Bekanntlich stammt der Mensch vom Affen ab. Jedenfalls laut Darwin – und das ist heutzutage Staatsdoktrin. Doch wie bewusst ist sich ein Affe seines Verhaltens? Eine weitere Frage stellt sich, wieso klagt Peta? Hat Naruto der Organisation das Urheberrecht übertragen? Vielleicht notariell oder wenigstens durch einen juristisch geschulten Kakadu? Der findige Spitzenjurist Jeffrey Kerr spricht jedenfalls spitzfindig von einem Präzedenzfall. Will er am Ende den Makaken vorladen und aussagen lassen, ob er sich bewusst war, ein Selfie zu machen? Und wenn, könnte dann überhaupt jemand die Makakensprache ins Englische übersetzen? Kennt Naruto gar den „Kategorischen Imperativ“?

Des Pudels Kern ist ein anderer, hier geht es um mehr als um Tierfürsorge, hier spielt das NGO-Big-Business ganz groß zum Tanz auf. Dabei handelt es sich nicht um einen Affentanz, sondern um den Tanz ums Goldene Kalb. Fotograf Slater verfolgt das Geschehen von England aus. Eine Reise in die Staaten kann er sich nicht mehr leisten. Der Prozess hat ihn finanziell ruiniert. Ans Aufgeben denkt er nicht. Darin unterscheidet er sich nicht von Peta.

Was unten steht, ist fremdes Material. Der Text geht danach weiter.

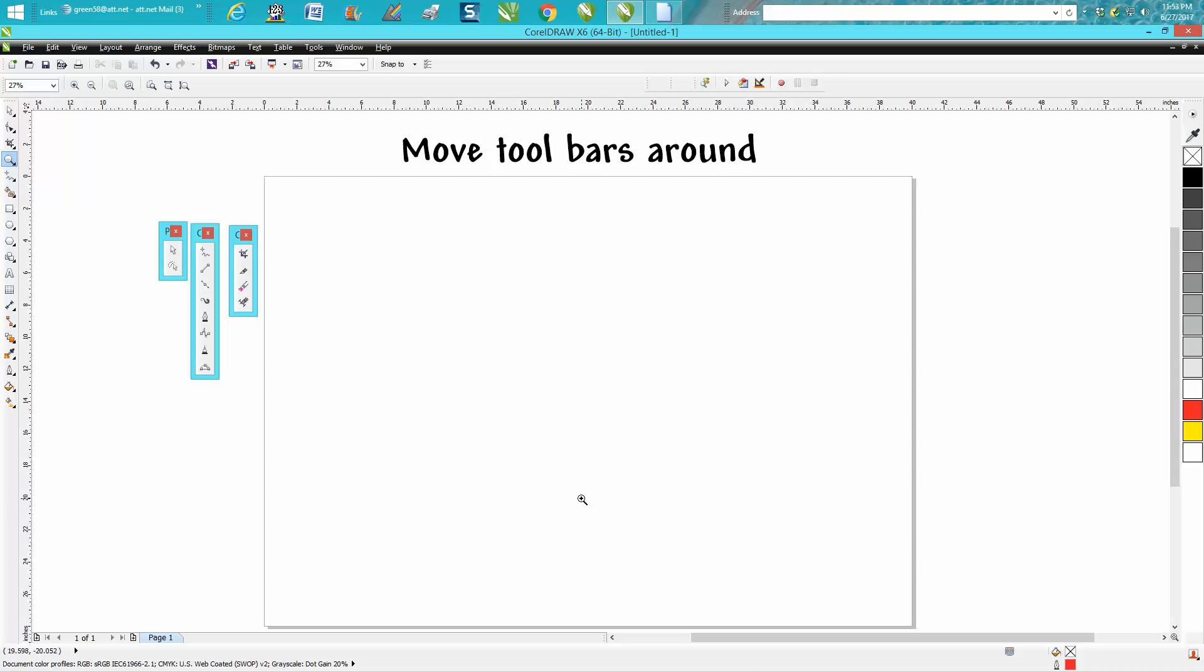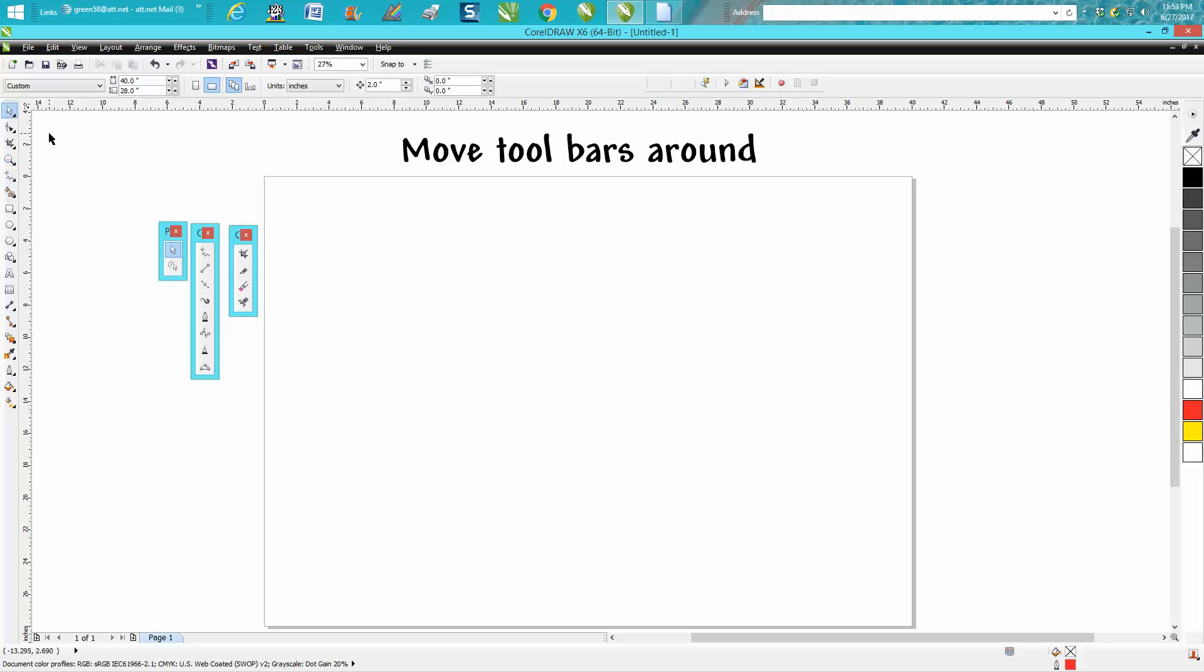Hi, it's me again with CorelDraw Tips and Tricks, and tonight's video is about moving your toolbars around. This was sparked by somebody who said they used to be able to move their tools from their toolbar onto their page, and it does make things nice if you're working a lot and using these tools.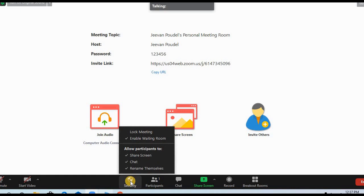So this is how you can give permission to a participant or to your students to share their slides and screen in your Zoom classroom.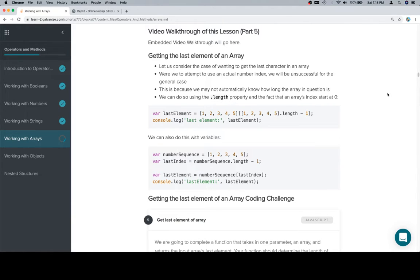Hey everyone, this is part 5 and we're going to be getting the last element of an array. Again, very similar to what we did with the string.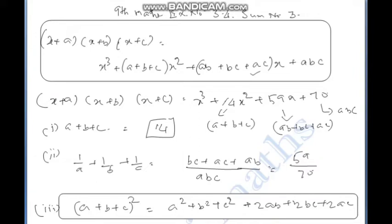The sum is equal to (x+a)(x+b)(x+c). Expanding this gives x cubed plus (a+b+c)x squared plus (ab+bc+ca)x plus abc. This is the identity we will use.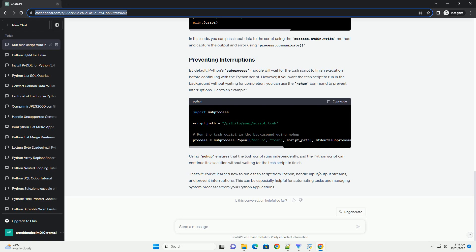Python's subprocess module will wait for the TCSH script to finish execution before continuing with the Python script. However, if you want the TCSH script to run in the background without waiting for completion, you can use the nohup command to prevent interruptions.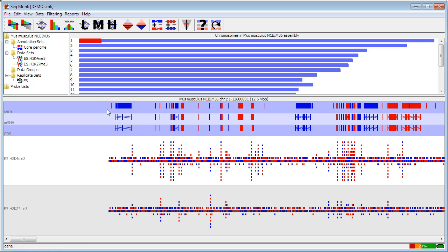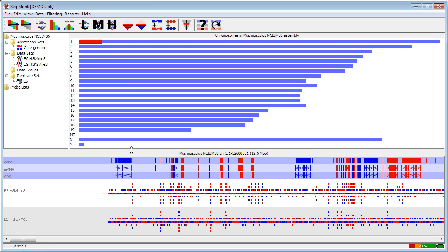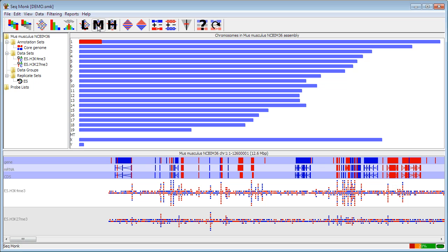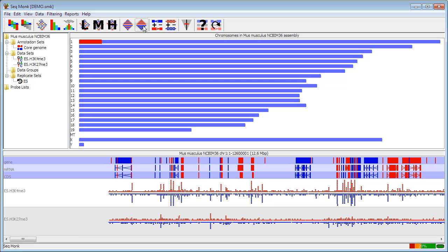I can change the density with which my reads are showing. So if I had a small window where I'd saturated the display available I could move from a low density to a medium density to a high density display to show more reads. And also at the top I can choose to change the default which is to pack forward and reverse reads together to split them apart so that I can see them separately.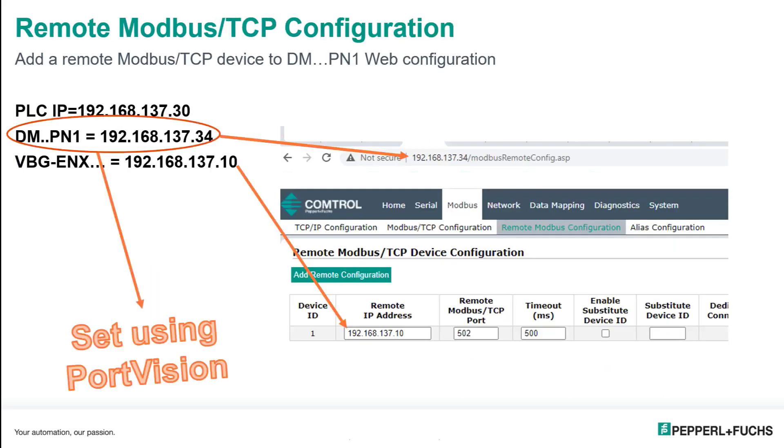So the first thing you want to do is use PortVision. This is a very simple and free protocol software that you can use to set your IP address. So once the IP address is set, put it in your browser, make sure you're in the same subnet, and you're going to have your configuration utility without any extra software.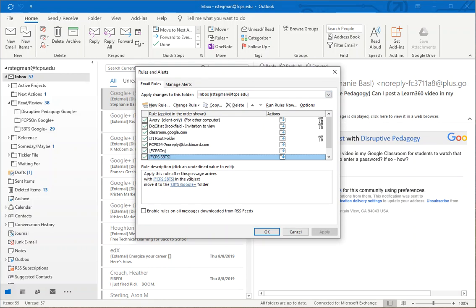We're going to apply this rule after the message arrives with the community name in the subject, move it to a specific folder.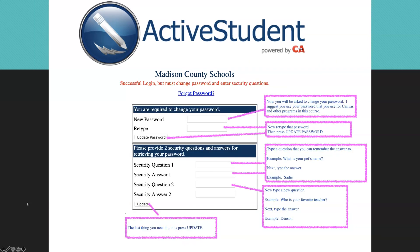Next up, you will see a new password screen. The very first thing you do is type in your new password. Again, I suggest you use the same one that you have for Canvas. Then you will retype that password again and then push update.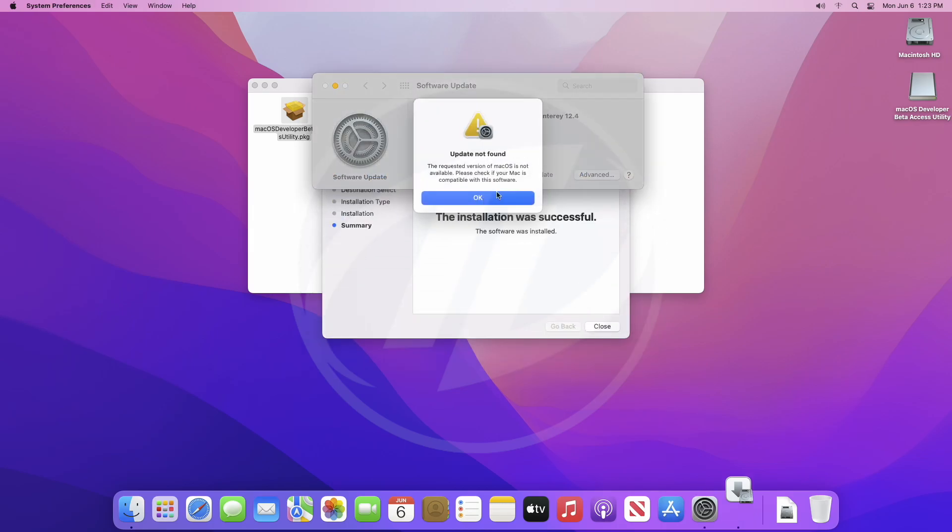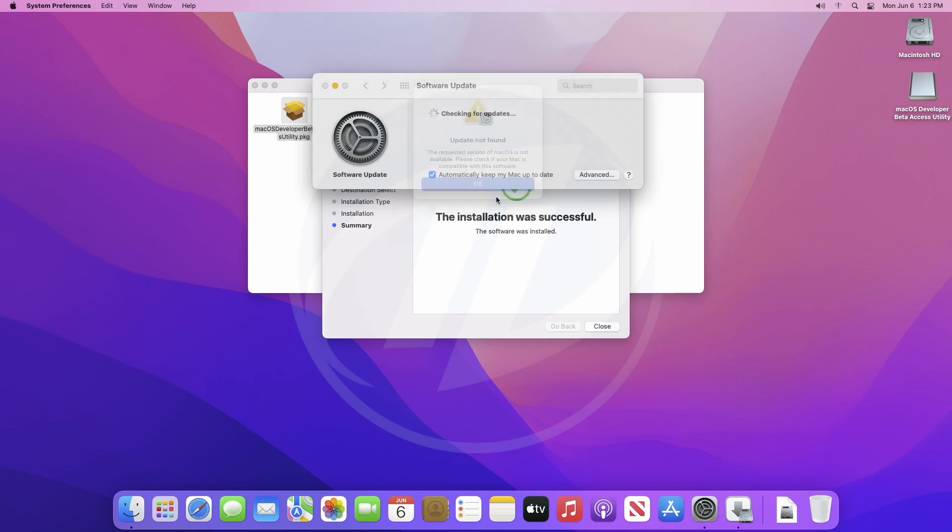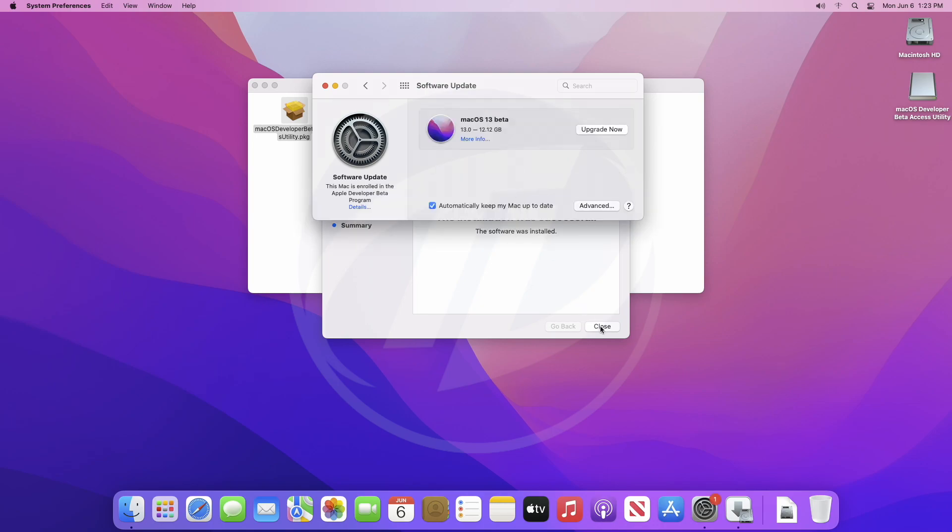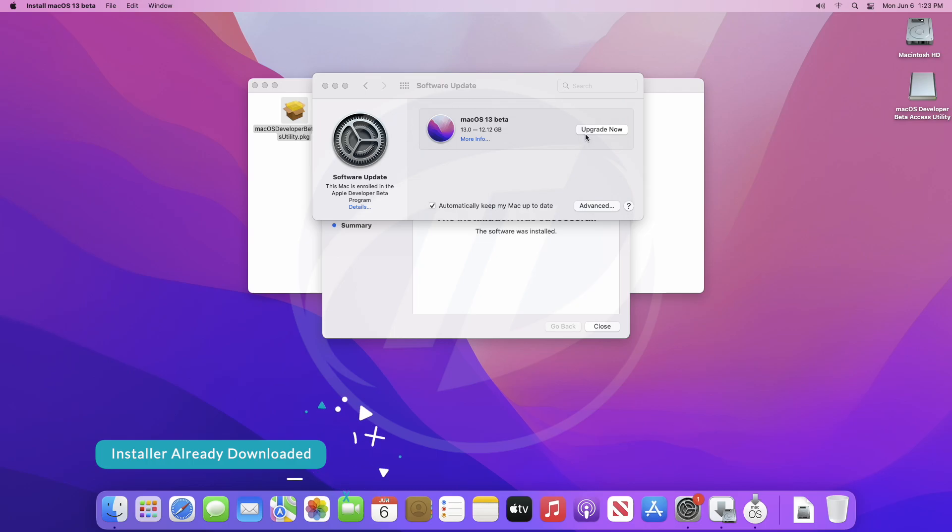Software update will pop up automatically. If you got this error message, click on OK, and if your device is supported, you'll see an option to upgrade now. Click on upgrade now, and your macOS installer will be downloaded.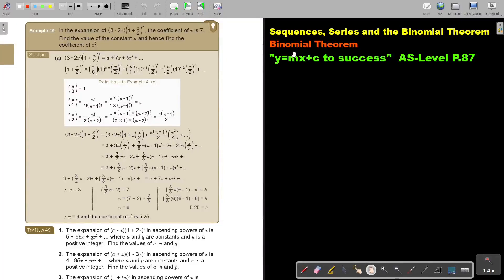In this video we will continue with the binomial theorem. You will find this on page 87 in the Namibia AS level mathematics textbook, 'y equals mx plus c to success.'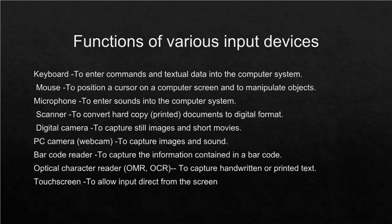PC camera (webcam) to capture images and sound. Barcode reader to capture the information contained in a barcode. Optical character reader (OMR, OCR) to capture handwritten or printed text. Touchscreen to allow input direct from the screen.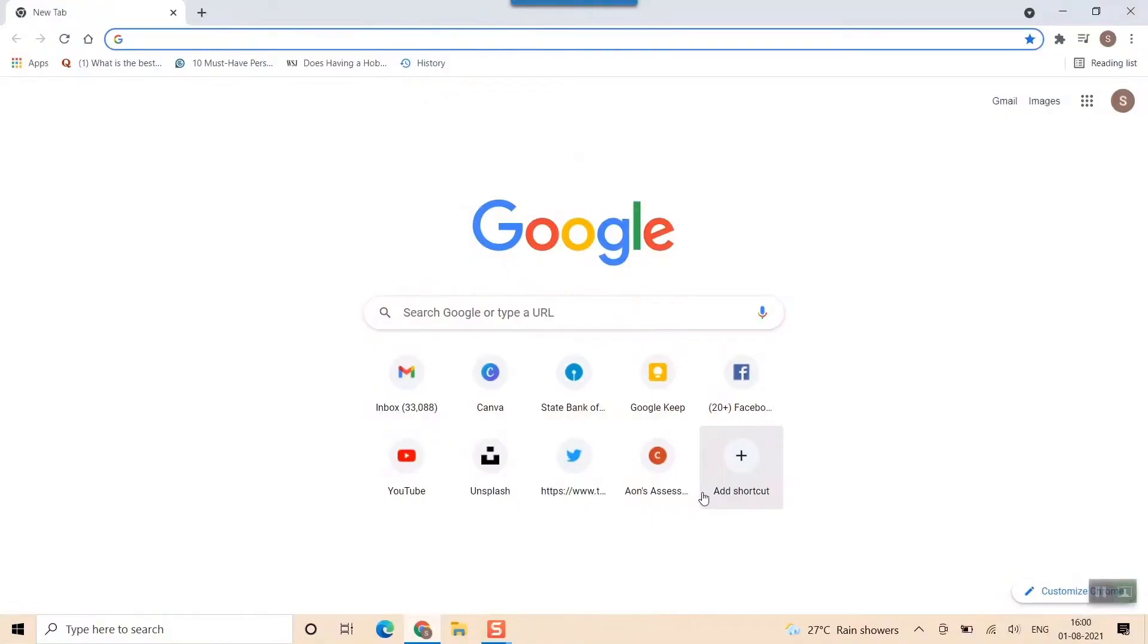Hello friends and welcome to a brand new video of Infotainment. In this video we'll see how to view the things that you have downloaded in your browser. So let's go and see in the laptop itself. As you can see, this is my Google Chrome browser I have opened here.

In der Logik einer durch und durch kapitalisierten Welt liegt es, dass sich alles, also auch Menschen- und Tierrechte kapitalisieren lassen müssen. Durch die Vermengung von ideologischen Verbrämungen, Egoismen und im Kern misanthropischen Gesinnungen entsteht ein Denken, dass Herz und Verstand verwirrt. Der finstere Rauch, der von den lodernden Opferaltären des Heidentums aufstieg, auf denen Tier- und Menschenopfer zum grausamen Alltag gehörten, verdunkelte ganze Menschheitsepochen. Damals konnte der verfinsterte Himmel vom Licht des Glaubens des aufstrebenden Christentums vertrieben werden. Doch die chthonische Flamme ist nie erloschen, sie glomm zu Zeiten der Katharer und Albigenser, zu Zeiten der Wiedertäufer und in den Ruinen der von den Revolutionen niedergebrannten Kirchen. Es scheint, als würde sie zurzeit in hellerem Licht erstrahlen denn je, denn das Christentum – und mit ihm die Vernunft – werden vom despotischen Gehabe eines Aberglaubens überwältigt, der sich unter dem Gewand des Humanismus tarnt.